▸ PROBLEM TO WORK ON
Copy, exactly and without additions, every line in the records below from the one holding "Washed Double Gauze" through the one holding "Peter Som Collective", both ends included.

▸ DATA TO EXAMINE
++++++++++++++++++++

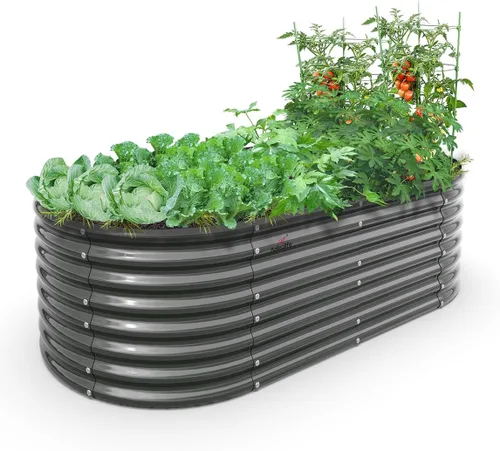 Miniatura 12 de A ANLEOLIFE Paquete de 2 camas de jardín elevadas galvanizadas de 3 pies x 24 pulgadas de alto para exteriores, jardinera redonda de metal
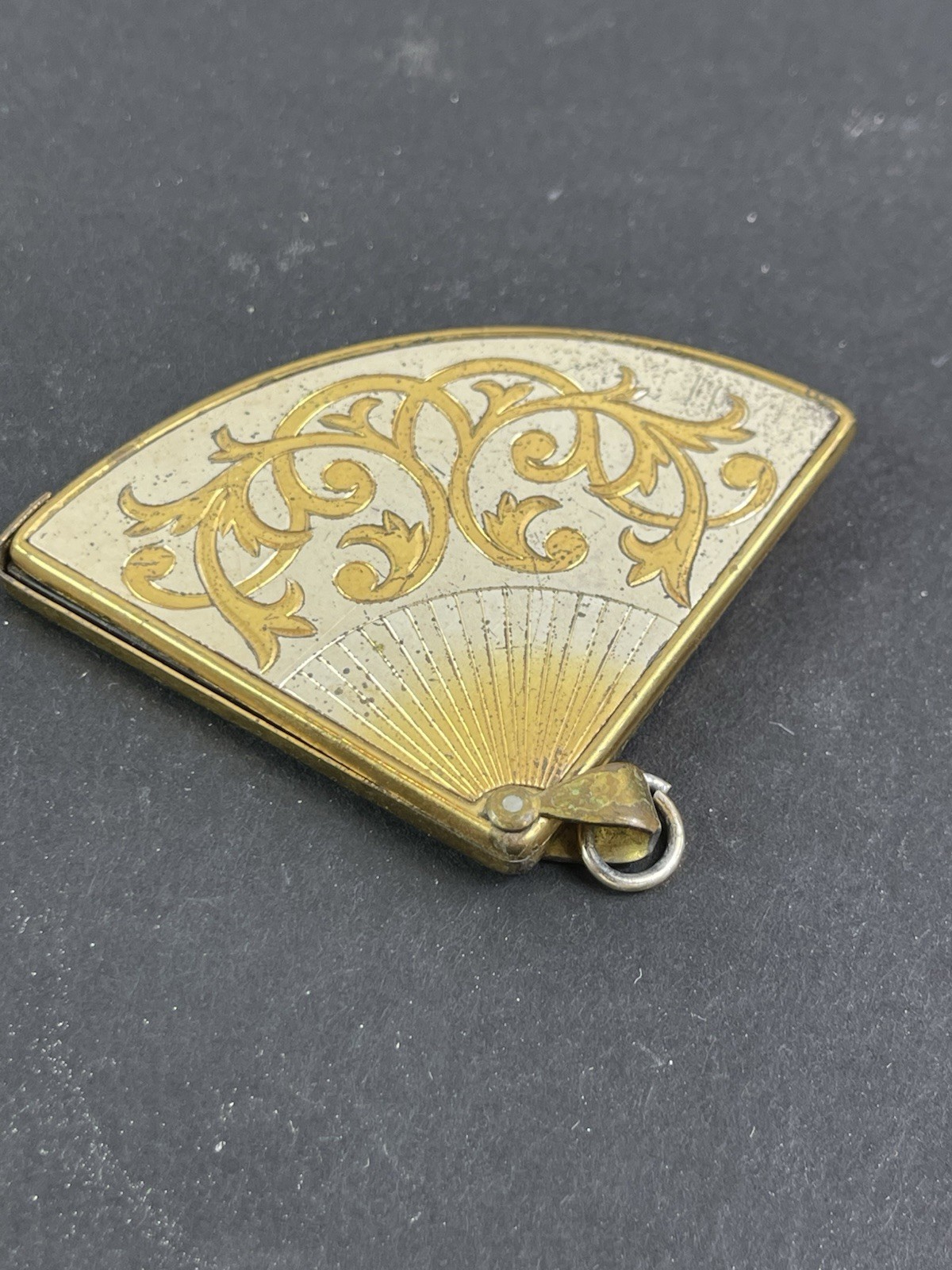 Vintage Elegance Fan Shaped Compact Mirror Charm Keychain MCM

++++++++++++++++++++

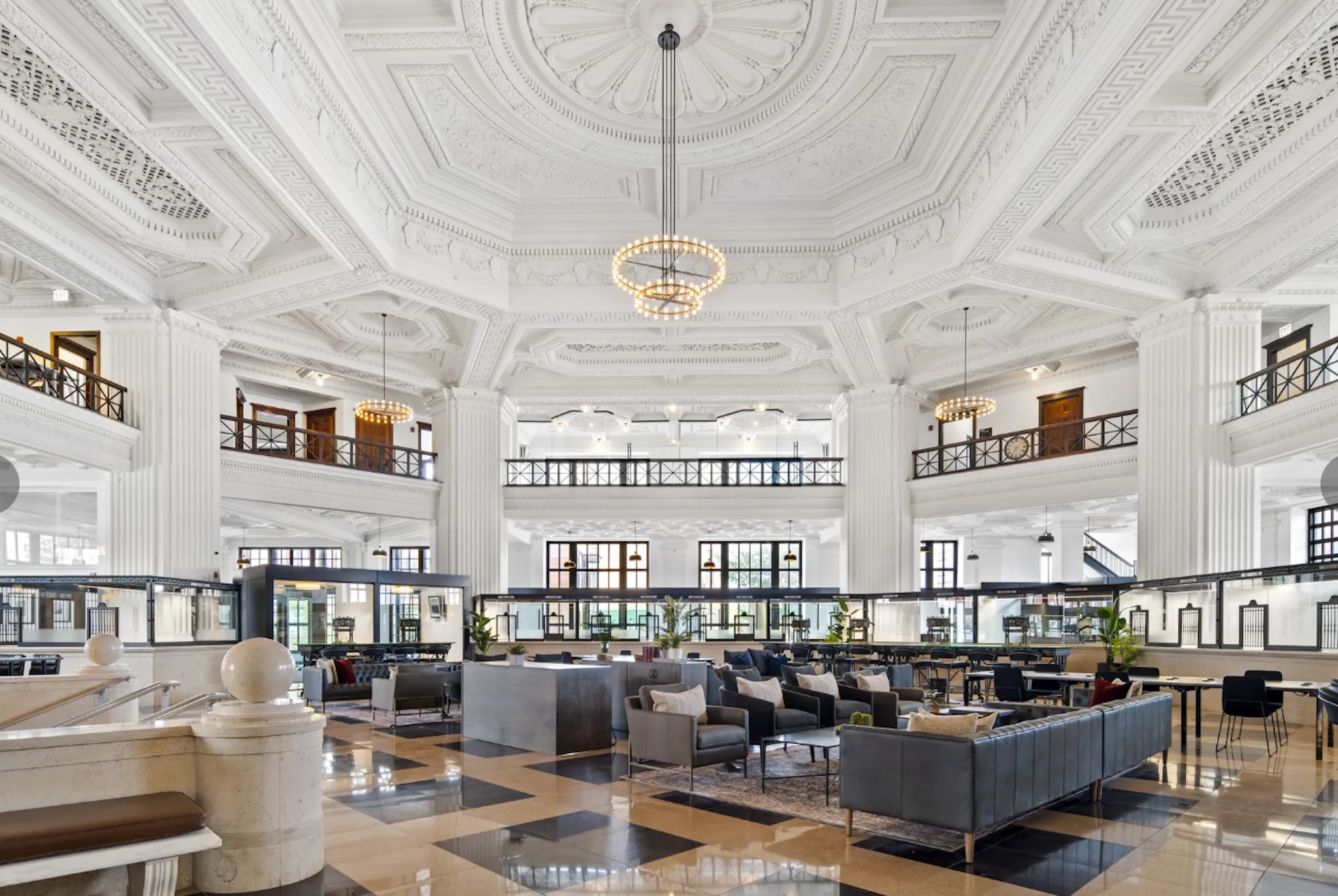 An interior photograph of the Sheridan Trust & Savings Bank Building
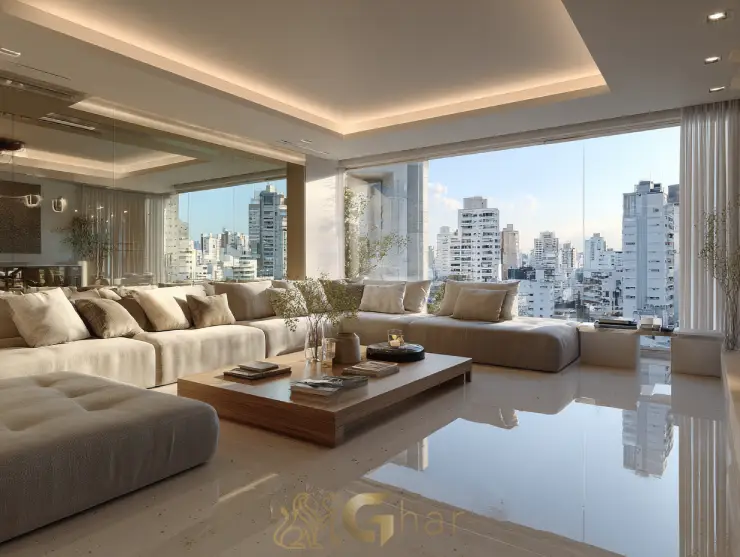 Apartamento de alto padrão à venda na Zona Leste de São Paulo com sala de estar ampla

++++++++++++++++++++

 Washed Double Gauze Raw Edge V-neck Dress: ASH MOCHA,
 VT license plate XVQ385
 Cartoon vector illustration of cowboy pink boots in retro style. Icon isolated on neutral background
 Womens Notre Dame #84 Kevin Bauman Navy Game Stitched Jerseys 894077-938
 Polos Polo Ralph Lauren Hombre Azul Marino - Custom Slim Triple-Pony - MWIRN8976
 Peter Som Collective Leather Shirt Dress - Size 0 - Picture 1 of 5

++++++++++++++++++++

▸ ANSWER
 Washed Double Gauze Raw Edge V-neck Dress: ASH MOCHA,
 VT license plate XVQ385
 Cartoon vector illustration of cowboy pink boots in retro style. Icon isolated on neutral background
 Womens Notre Dame #84 Kevin Bauman Navy Game Stitched Jerseys 894077-938
 Polos Polo Ralph Lauren Hombre Azul Marino - Custom Slim Triple-Pony - MWIRN8976
 Peter Som Collective Leather Shirt Dress - Size 0 - Picture 1 of 5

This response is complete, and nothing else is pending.